KYC: the layer that reshaped finance

  • Before 1989, global finance had no shared identity standard. The gap made it hard to trace drug money and illicit funds.
  • After the 1989 founding of FATF, KYC became mandatory in finance and blocked illicit funds at the entry point.

No agent identity, system slides backward

  • AI agents execute contracts, payments, and trades without human involvement, but there is no way to verify who they are.
  • In A2A environments, accountability becomes unclear, raising dispute risk and exposing users to laundering and other fraud patterns.

The role and response of KYA (Know Your Agent)

  • KYA (Know Your Agent) is the trust layer that pre-verifies an agent’s origin, permissions, and accountability.
  • Unverified agents create three simultaneous risks: unauthorized transactions, fraud, and accountability gaps.

KYA needs for every layer

  • Inside central platforms, user KYC and the platform’s accountability guarantee are enough. Outside the platform, in interoperable settings, KYA becomes essential to verify the agent’s specific actions and safety.
  • Inside one country (within the platform), an ID card (KYC) is enough to move freely.
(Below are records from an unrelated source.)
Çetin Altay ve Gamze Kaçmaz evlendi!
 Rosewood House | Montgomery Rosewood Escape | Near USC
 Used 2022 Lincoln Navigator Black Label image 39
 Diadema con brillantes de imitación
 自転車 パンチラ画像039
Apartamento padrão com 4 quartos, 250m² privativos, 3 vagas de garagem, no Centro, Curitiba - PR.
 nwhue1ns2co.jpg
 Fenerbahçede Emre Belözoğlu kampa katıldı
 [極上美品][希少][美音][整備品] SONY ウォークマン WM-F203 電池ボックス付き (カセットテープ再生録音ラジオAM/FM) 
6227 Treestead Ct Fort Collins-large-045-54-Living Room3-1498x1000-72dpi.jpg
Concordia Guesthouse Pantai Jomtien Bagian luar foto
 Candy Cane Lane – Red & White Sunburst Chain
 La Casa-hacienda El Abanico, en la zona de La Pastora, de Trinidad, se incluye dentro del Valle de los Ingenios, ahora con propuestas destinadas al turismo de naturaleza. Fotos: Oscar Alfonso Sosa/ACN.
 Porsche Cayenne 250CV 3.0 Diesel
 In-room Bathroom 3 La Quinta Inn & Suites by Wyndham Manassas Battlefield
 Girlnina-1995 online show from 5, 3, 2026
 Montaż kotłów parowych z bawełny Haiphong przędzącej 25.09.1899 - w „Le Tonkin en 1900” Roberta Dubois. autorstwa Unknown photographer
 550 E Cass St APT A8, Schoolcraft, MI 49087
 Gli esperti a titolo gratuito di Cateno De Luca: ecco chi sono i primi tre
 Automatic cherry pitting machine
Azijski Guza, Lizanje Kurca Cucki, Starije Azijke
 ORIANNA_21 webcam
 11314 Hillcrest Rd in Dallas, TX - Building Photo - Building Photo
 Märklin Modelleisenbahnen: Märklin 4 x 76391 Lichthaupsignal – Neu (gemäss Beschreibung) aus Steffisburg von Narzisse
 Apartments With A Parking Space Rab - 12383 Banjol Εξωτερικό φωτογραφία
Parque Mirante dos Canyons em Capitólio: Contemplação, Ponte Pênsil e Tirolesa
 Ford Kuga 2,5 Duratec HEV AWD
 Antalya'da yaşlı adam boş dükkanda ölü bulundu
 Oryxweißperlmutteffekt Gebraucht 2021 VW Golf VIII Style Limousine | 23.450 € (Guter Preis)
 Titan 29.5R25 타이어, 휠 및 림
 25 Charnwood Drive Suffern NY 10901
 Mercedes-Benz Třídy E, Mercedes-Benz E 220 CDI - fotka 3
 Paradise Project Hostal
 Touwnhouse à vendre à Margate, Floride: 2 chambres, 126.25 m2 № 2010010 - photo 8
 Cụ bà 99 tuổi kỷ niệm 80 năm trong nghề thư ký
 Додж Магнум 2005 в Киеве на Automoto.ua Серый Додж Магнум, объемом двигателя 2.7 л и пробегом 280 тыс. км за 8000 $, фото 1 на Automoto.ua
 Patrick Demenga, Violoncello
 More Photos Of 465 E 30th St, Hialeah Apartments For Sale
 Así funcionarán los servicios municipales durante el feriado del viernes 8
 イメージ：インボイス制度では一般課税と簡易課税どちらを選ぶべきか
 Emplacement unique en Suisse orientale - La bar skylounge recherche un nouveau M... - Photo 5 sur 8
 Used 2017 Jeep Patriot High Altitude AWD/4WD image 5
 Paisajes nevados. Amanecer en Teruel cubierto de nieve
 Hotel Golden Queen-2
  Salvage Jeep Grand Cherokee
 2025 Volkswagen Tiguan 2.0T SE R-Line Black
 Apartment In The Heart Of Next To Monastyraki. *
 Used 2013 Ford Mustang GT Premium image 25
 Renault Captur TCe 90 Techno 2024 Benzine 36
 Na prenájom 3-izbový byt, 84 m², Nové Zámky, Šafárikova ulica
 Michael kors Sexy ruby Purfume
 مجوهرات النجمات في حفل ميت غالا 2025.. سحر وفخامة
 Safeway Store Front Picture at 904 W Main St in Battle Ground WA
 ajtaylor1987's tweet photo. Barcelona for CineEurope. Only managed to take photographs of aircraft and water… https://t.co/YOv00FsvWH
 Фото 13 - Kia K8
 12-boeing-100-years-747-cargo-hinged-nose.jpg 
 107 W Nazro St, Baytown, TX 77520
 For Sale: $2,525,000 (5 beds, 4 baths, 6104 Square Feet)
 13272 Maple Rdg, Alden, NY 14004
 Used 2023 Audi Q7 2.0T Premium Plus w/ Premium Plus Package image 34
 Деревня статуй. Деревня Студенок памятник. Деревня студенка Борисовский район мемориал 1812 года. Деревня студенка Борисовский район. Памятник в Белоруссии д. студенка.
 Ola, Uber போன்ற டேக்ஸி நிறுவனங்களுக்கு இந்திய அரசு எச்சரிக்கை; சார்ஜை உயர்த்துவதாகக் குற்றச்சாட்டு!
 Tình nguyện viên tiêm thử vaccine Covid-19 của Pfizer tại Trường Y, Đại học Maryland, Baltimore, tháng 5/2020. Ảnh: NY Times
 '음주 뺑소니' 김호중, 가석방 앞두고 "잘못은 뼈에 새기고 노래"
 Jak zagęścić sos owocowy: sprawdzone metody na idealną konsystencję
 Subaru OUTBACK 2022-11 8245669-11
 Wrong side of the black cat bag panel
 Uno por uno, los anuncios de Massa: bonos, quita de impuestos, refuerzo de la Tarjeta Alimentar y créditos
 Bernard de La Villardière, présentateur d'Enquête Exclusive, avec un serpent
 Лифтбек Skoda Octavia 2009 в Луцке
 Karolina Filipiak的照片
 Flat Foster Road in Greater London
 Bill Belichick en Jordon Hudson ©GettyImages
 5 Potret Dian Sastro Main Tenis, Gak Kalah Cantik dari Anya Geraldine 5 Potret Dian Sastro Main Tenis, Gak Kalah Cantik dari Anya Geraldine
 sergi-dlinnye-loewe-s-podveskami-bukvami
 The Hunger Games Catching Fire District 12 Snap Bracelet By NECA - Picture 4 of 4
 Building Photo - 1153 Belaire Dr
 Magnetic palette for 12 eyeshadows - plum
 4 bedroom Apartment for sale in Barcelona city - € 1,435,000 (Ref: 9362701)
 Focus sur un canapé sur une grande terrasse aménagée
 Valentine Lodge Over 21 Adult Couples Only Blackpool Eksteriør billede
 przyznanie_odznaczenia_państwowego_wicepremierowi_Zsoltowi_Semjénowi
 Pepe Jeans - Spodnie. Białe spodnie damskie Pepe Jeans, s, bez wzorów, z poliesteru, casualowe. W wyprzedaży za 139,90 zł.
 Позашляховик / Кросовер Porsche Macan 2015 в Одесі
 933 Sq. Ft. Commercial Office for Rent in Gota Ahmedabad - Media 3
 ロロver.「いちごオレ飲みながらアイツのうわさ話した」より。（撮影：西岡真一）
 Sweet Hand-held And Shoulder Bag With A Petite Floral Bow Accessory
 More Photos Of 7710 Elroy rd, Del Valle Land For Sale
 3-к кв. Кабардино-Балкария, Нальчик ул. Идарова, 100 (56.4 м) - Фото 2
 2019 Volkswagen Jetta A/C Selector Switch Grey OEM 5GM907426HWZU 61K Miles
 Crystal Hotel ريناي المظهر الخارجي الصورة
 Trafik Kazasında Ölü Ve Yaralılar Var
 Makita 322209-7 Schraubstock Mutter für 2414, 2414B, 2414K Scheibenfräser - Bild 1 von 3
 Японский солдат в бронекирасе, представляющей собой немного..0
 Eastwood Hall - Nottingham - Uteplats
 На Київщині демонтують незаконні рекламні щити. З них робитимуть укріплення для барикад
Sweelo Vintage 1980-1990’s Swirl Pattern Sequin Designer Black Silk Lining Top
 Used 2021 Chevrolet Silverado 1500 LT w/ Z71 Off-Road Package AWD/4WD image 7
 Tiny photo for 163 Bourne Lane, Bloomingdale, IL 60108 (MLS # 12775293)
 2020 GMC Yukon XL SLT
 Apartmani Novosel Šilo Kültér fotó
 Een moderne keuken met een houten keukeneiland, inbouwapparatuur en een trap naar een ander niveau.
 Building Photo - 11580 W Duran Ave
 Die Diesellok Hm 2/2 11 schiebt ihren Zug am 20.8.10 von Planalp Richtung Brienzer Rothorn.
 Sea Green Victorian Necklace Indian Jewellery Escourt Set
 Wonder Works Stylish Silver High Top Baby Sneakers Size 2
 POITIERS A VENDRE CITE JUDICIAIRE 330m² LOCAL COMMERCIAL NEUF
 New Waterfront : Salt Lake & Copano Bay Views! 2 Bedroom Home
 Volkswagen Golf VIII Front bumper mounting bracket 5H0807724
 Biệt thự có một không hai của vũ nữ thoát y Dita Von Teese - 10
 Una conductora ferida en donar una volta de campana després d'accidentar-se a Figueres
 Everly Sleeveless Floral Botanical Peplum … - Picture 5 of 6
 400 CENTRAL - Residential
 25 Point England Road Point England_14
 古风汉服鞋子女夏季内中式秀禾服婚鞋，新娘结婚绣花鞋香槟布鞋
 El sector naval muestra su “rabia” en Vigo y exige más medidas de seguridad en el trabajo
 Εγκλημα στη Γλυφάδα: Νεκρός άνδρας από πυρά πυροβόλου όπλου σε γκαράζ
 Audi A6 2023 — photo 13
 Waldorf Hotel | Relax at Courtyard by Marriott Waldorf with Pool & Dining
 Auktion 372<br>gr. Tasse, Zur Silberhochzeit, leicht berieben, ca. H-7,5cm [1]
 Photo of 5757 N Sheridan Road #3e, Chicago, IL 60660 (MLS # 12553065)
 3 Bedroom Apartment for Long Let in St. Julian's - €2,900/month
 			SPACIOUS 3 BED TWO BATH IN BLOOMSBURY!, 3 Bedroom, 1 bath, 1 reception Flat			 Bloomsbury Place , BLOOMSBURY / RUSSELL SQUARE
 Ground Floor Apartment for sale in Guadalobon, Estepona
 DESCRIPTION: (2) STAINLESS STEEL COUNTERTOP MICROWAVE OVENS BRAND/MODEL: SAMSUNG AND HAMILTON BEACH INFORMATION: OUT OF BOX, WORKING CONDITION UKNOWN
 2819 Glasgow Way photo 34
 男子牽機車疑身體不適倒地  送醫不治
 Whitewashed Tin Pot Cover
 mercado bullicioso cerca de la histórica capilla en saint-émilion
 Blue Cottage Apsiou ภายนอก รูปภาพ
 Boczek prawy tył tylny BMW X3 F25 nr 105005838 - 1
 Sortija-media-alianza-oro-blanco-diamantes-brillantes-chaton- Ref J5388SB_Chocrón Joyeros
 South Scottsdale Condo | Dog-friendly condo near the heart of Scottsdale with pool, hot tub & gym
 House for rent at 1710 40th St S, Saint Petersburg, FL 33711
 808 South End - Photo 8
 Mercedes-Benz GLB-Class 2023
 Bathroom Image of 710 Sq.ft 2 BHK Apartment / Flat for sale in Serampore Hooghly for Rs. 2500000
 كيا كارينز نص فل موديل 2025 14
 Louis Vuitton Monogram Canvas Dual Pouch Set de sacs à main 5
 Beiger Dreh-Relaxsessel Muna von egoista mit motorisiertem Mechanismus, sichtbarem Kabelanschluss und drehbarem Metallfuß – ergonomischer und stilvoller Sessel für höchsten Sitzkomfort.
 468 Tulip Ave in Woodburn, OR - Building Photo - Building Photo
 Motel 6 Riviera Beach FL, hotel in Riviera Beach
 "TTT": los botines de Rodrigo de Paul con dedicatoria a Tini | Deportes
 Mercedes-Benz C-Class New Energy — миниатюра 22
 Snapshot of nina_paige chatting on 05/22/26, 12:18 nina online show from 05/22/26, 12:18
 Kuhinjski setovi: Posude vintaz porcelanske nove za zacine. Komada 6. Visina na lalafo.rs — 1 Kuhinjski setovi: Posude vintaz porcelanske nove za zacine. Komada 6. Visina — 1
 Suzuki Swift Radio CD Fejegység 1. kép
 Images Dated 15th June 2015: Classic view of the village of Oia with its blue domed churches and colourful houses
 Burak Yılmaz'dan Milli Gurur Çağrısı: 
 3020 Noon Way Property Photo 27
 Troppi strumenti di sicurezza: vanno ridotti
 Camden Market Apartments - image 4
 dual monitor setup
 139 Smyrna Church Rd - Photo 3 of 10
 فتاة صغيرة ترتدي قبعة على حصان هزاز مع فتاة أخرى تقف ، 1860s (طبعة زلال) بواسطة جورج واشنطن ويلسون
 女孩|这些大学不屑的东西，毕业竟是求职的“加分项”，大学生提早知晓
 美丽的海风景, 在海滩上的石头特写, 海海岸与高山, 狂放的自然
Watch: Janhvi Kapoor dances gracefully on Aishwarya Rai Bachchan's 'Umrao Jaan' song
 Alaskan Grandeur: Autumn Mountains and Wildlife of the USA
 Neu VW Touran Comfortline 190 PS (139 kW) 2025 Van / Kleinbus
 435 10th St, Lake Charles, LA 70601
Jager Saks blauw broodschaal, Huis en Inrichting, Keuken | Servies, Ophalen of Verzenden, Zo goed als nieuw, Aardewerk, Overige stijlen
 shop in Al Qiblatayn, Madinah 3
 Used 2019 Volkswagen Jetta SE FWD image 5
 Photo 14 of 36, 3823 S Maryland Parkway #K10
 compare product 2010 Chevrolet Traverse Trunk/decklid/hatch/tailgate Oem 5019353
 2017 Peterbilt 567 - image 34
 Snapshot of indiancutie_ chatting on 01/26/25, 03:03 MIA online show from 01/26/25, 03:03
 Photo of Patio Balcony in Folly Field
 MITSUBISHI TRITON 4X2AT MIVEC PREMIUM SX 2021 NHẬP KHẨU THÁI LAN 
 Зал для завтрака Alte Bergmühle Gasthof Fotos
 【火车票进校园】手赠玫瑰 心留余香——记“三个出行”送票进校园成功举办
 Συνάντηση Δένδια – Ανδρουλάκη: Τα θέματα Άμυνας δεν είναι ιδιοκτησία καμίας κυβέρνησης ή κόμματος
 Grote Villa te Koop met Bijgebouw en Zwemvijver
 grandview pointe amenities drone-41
The moment one crosses a border (outside the platform), the environment changes, and an entry screening (KYA) of purpose and trust is required.

ERC-8004: agent identity on NFT

  • ERC-8004 adds an identity layer on ERC-721. Each agent gets a minted NFT as unique ID.
  • It also adds three on-chain registries (Identity·Reputation·Validation), serving as ID, reputation board, validation record.